I paid a CO last month, $1052 with the OC and it will fall off March 2016. However, 1 this is the one that has the longest to sit and #2 it was direct with the original creditor and I wanted to hope to get back in someday. So I chose to pay this now.
Well, it just hit the bureaus as PAID...................NO SCORE CHANGE AT ALL. ![]()
WHY????????????????
I don't understand at all a tthis point. Paid a old collection on hubby that was a miscommunication with he company for $110 and he jumped 40 points.
Why didn't this CO paid change my scores signicantly??? #1 was reporting monthly jurting me and my utilization as shown as balance due. Now 0 paid in full.
I did notice it says it is 'Disputed' - does that mean it won't count on my scores at all or doesn't show ???
Really frustrated and confused with this.

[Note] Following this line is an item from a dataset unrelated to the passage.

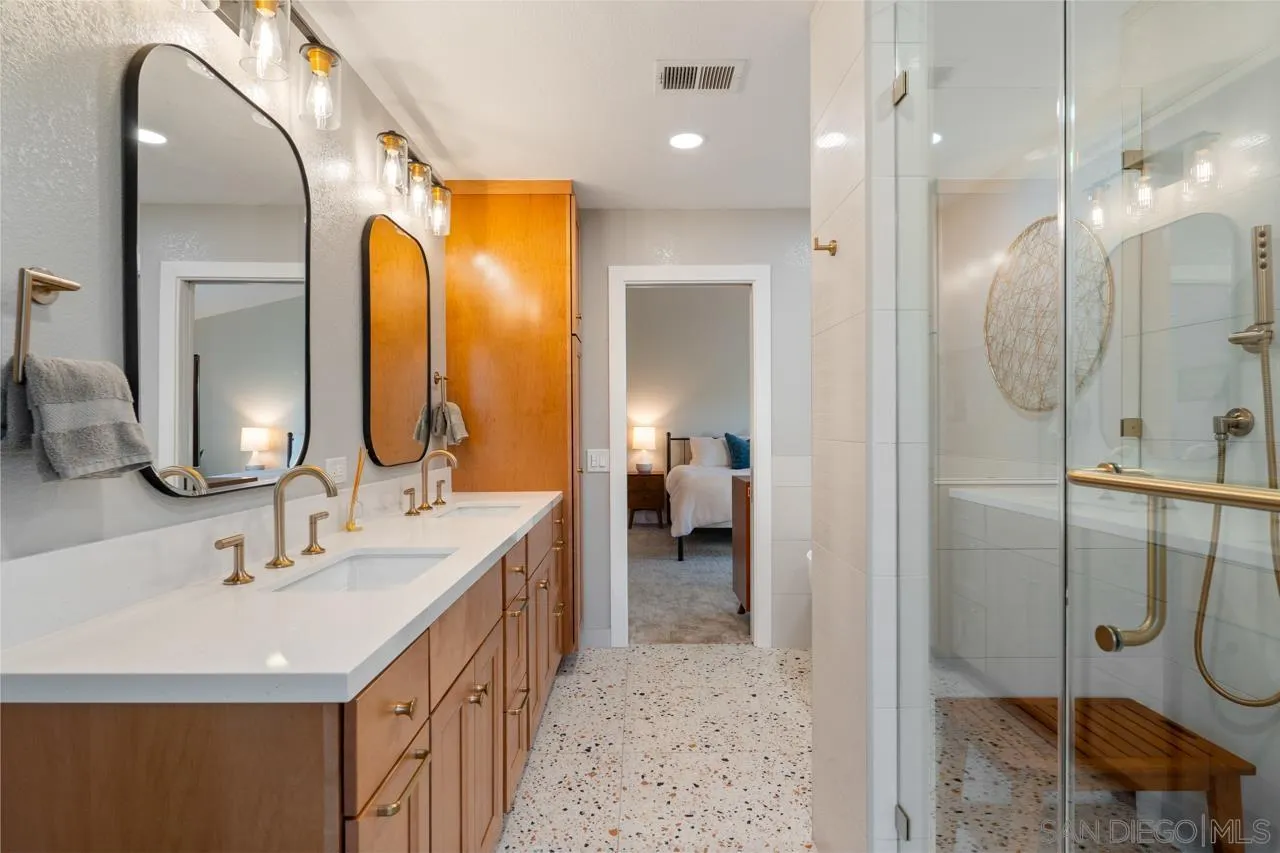 11869 Hi Ridge Road Lakeside, CA 92040 - Photo 44 of 73 a bathroom with a double vanity sink mirror and shower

Thanks for any available insight FICO Forum!! Why pay any at this point if it isn't going to matter a hoot.
Paid or not paid it scorces the same. Seems unfait. I know. But FICO doesn't care if it is paid or not. The fact that it is there is what hurts. I have actually seen where once it is paid it takes points away because of new activity. Would they not PFD? Maybe you can start goodwilling it ?
Uggh.
Thanks......no it was Discover and they will not PDF or do a courtesy early delete either.
It's certainly a bummer, and frustrating, but as already mentioned, the damage gets done when the account goes late/to charge-off. It takes a while to get to that point, hence, 60/90/120 day lates hurt a lot more, and for longer, than 30 day lates.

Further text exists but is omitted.